## PROBLEM DESCRIPTION
Starting with the line below that holds "Enfilade scandinave en teck par" and stopping after the line that holds "Teague Chamber Celebrates Member", transcribe the lines exactly, leaving out all pictures.

### DATA FOR PROCESSING ###

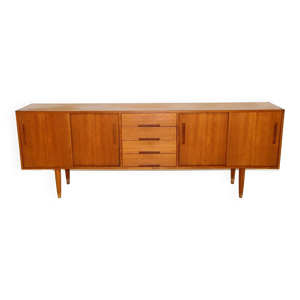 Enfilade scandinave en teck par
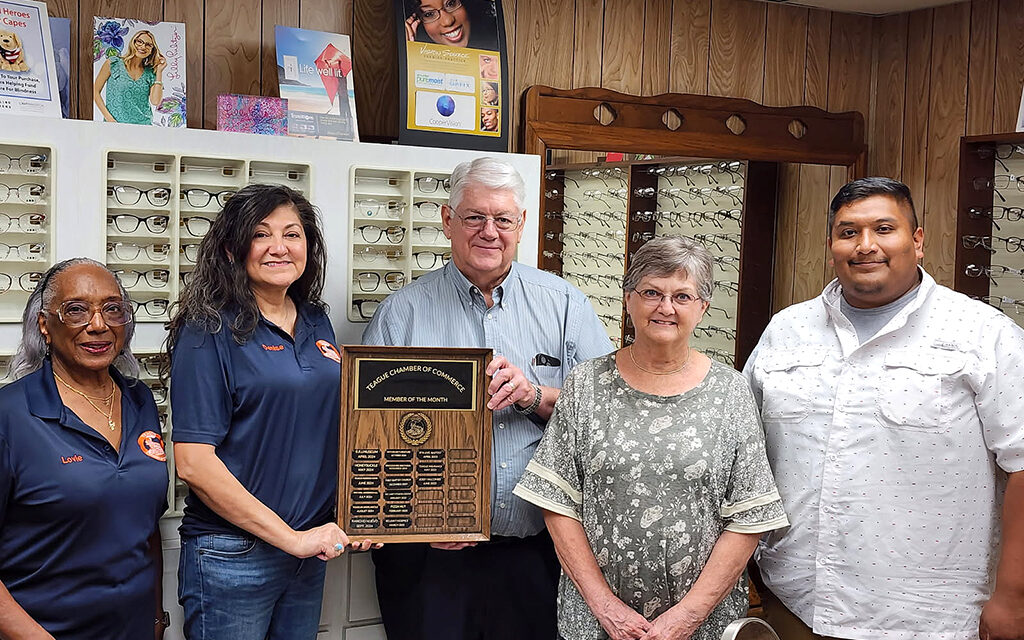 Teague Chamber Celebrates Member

###
### DATA FOR PROCESSING ###

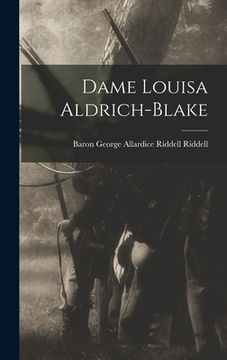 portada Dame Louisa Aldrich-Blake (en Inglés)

###
### DATA FOR PROCESSING ###

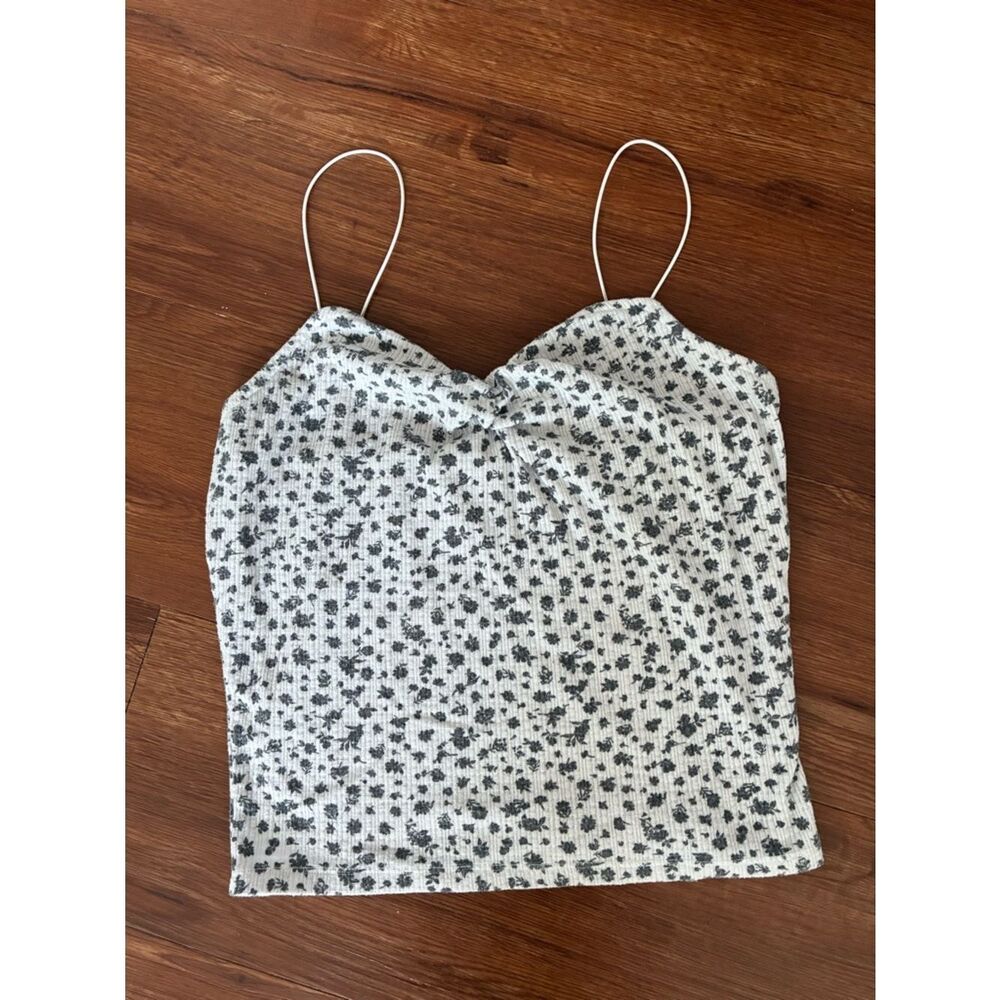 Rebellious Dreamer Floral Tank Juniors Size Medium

###

## SOLUTION TO THIS TASK
 Enfilade scandinave en teck par
 Teague Chamber Celebrates Member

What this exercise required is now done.